• _What to do_
Starting at the line that has "Qara Klassik Dəri Loafer Ayaqqabıları" and stopping after the line that has "Rebellen - 7x", reproduce the listing below exactly; omit everything else.

• _Records shown_
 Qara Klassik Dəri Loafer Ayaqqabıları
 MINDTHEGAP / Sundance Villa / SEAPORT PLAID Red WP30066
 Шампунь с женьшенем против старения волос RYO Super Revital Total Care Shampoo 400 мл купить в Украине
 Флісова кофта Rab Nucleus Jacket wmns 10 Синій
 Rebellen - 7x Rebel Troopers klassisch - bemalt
---
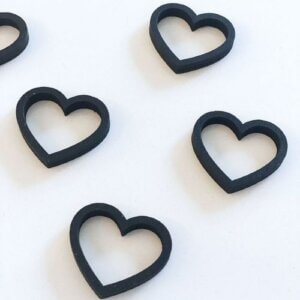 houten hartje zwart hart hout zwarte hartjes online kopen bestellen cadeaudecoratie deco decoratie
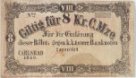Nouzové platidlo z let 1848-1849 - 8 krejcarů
==
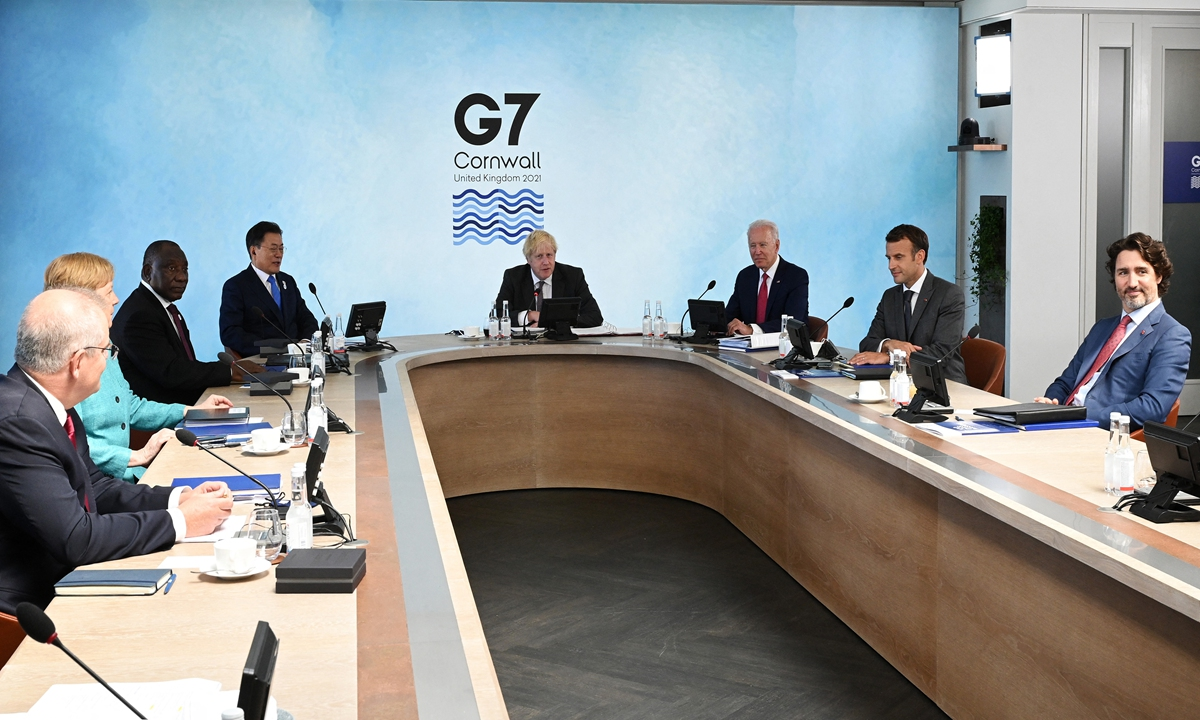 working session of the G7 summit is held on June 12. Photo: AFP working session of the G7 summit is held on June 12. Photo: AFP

• _Answer section_
 Qara Klassik Dəri Loafer Ayaqqabıları
 MINDTHEGAP / Sundance Villa / SEAPORT PLAID Red WP30066
 Шампунь с женьшенем против старения волос RYO Super Revital Total Care Shampoo 400 мл купить в Украине
 Флісова кофта Rab Nucleus Jacket wmns 10 Синій
 Rebellen - 7x Rebel Troopers klassisch - bemalt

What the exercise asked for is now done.